Talking names would be nice, we got a rather generically named semaphore
variable twice in this module, maybe use (respectively):

total_connection_semaphore or total_connection_limit
per_remote_semaphore or per_remote_limit

> +    let mut join_set = JoinSet::new();
> +
> +    let remotes = remotes_to_check(cycle, &state).await?;
> +    for remote in remotes {
> +        let since = get_cutoff_timestamp(&remote, &state);
> +
> +        let permit = if remote.ty == RemoteType::Pve {
> +            // Acquire multiple permits, for PVE remotes we want
> +            // to multiple nodes in parallel.
> +            //
> +            // `.unwrap()` is safe, we never close the semaphore.
> +            Arc::clone(&semaphore)
> +                .acquire_many_owned(CONNECTIONS_PER_PVE_REMOTE as u32)
> +                .await
> +                .unwrap()
> +        } else {
> +            // For PBS remotes we only have a single outgoing connection
> +            //
> +            // `.unwrap()` is safe, we never close the semaphore.
> +            Arc::clone(&semaphore).acquire_owned().await.unwrap()
> +        };
> +
> +        join_set.spawn(async move {
> +            log::debug!("fetching remote tasks for '{}' since {since}", remote.id);
> +            let tasks = fetch_tasks(&remote, since).await.map_err(|err| {
> +                format_err!("could not fetch tasks from remote '{}': {err}", remote.id)
> +            });
> +
> +            drop(permit);
> +            tasks
> +        });
> +    }
> +
> +    while let Some(res) = join_set.join_next().await {
> +        match res {
> +            Ok(Ok((remote, request))) => {
> +                all_tasks.insert(remote, request);
> +            }
> +            Ok(Err(err)) => log::error!("{err}"),
> +            Err(err) => log::error!("could not join task fetching future: {err}"),
> +        }
> +    }
> +
> +    if !all_tasks.is_empty() {
> +        save_tasks(cache, all_tasks).await?;
> +    }
> +
> +    Ok(())
> +}
> +
> +/// Return list of remotes that are to be polled in this cycle.

some higher level description of what this means and what the rationale is
would be nice here.

> +async fn remotes_to_check(cycle: u64, state: &State) -> Result<Vec<Remote>, Error> {
> +    let (config, _) = tokio::task::spawn_blocking(pdm_config::remotes::config).await??;
> +
> +    let all = cycle % REGULAR_REFRESH_CYCLES == 0;
> +
> +    if all {
> +        Ok(config.sections.into_values().collect())
> +    } else {
> +        Ok(config
> +            .sections
> +            .into_iter()
> +            .filter_map(|(name, remote)| {
> +                if let Some(tracked) = state.tracked_tasks.get(&name) {
> +                    if !tracked.is_empty() {
> +                        Some(remote)
> +                    } else {
> +                        None
> +                    }
> +                } else {
> +                    None
> +                }
> +            })
> +            .collect())
> +    }
> +}

>  /// Fetch tasks (active and finished) from a remote
> -async fn fetch_tasks(remote: &Remote) -> Result<Vec<TaskListItem>, Error> {
> +/// `since` is a UNIX timestamp (seconds).
> +async fn fetch_tasks(remote: &Remote, since: i64) -> Result<(String, AddTasks), Error> {
>      let mut tasks = Vec::new();
>  
> +    let mut all_successful = true;
> +
>      match remote.ty {
>          RemoteType::Pve => {
> +            let semaphore = Arc::new(Semaphore::new(CONNECTIONS_PER_PVE_REMOTE));
> +            let mut join_set = JoinSet::new();
> +
>              let client = pve::connect(remote)?;
>  
>              // N+1 requests - we could use /cluster/tasks, but that one

btw. as I see it from the context, re-evaluating the limit of the broadcasted
tasks would be definitively an option too, on remotes with more than a handful
of nodes that might be quite a bit cheaper and has some benefits outside of the
PDM use case.
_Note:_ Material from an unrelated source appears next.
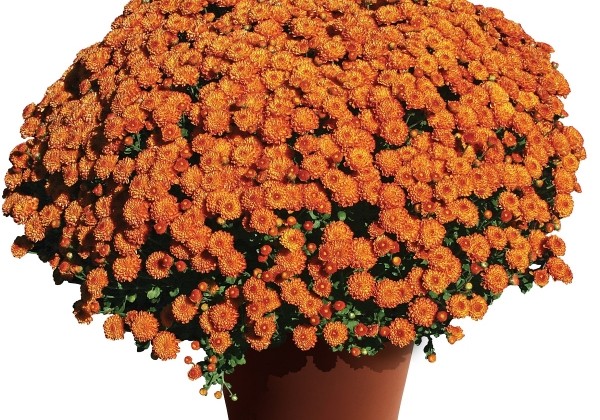 Chrysanthemum multiflora Gigi Orange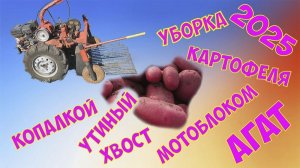 Копка картошки_2025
At least some quick experimentation about actual impact of an
increase there would be warranted, albeit out of scope of this series as checking
separately is already the status quo.

> @@ -134,16 +377,53 @@ async fn fetch_tasks(remote: &Remote) -> Result<Vec<TaskListItem>, Error> {
>                  let params = ListTasks {
>                      // Include running tasks
>                      source: Some(ListTasksSource::All),
> -                    // TODO: How much task history do we want? Right now we just hard-code it
> -                    // to 7 days.
> -                    since: Some(proxmox_time::epoch_i64() - 7 * 24 * 60 * 60),
> +                    since: Some(since),
> +                    // If `limit` is not provided, we only receive 50 tasks
> +                    limit: Some(MAX_TASKS_TO_FETCH),
>                      ..Default::default()
>                  };
>  
> -                let list = client.get_task_list(&node.node, params).await?;
> -                let mapped = map_tasks(list, &remote.id)?;
> +                let permit = Arc::clone(&semaphore).acquire_owned().await.unwrap();
>  
> -                tasks.extend(mapped);
> +                let r = remote.clone();
> +
> +                join_set.spawn(async move {
> +                    let client = pve::connect(&r)?;
> +                    let task_list =
> +                        client
> +                            .get_task_list(&node.node, params)
> +                            .await
> +                            .map_err(|err| {
> +                                format_err!("remote '{}', node '{}': {err}", r.id, node.node)
> +                            })?;
> +
> +                    drop(permit);
> +
> +                    Ok::<Vec<_>, Error>(task_list)
> +                });
> +            }
> +
> +            while let Some(res) = join_set.join_next().await {
> +                match res {
> +                    Ok(Ok(list)) => {
> +                        let mapped = list.into_iter().filter_map(|task| {
> +                            match map_pve_task(task, &remote.id) {
> +                                Ok(task) => Some(task),
> +                                Err(err) => {
> +                                    log::error!("could not map task data, skipping: {err}");
> +                                    None
> +                                }
> +                            }
> +                        });
> +
> +                        tasks.extend(mapped);
> +                    }
> +                    Ok(Err(err)) => {
> +                        all_successful = false;
> +                        log::error!("could not fetch tasks: {err:?}");
> +                    }
> +                    Err(err) => return Err(err.into()),
> +                }
>              }
>          }
>          RemoteType::Pbs => {

> +/// Check if we are due for checking for cache rotation.
> +fn should_check_for_cache_rotation(cycle: u64) -> bool {
> +    cycle % CHECK_ROTATE_CYCLES == 0

This basically depends on the fn getting called initially with cycle
being still zereo, as otherewise we would never rotate if a PDM gets
restarted/rebooted daily or more often, which can be a possibility for
use cases where one just has the PDM running during their worktime,
which is seldomly longer than a day.

I.e., it works fine as is, but I'd like to see that invariant state
a bit explicitly somewhere.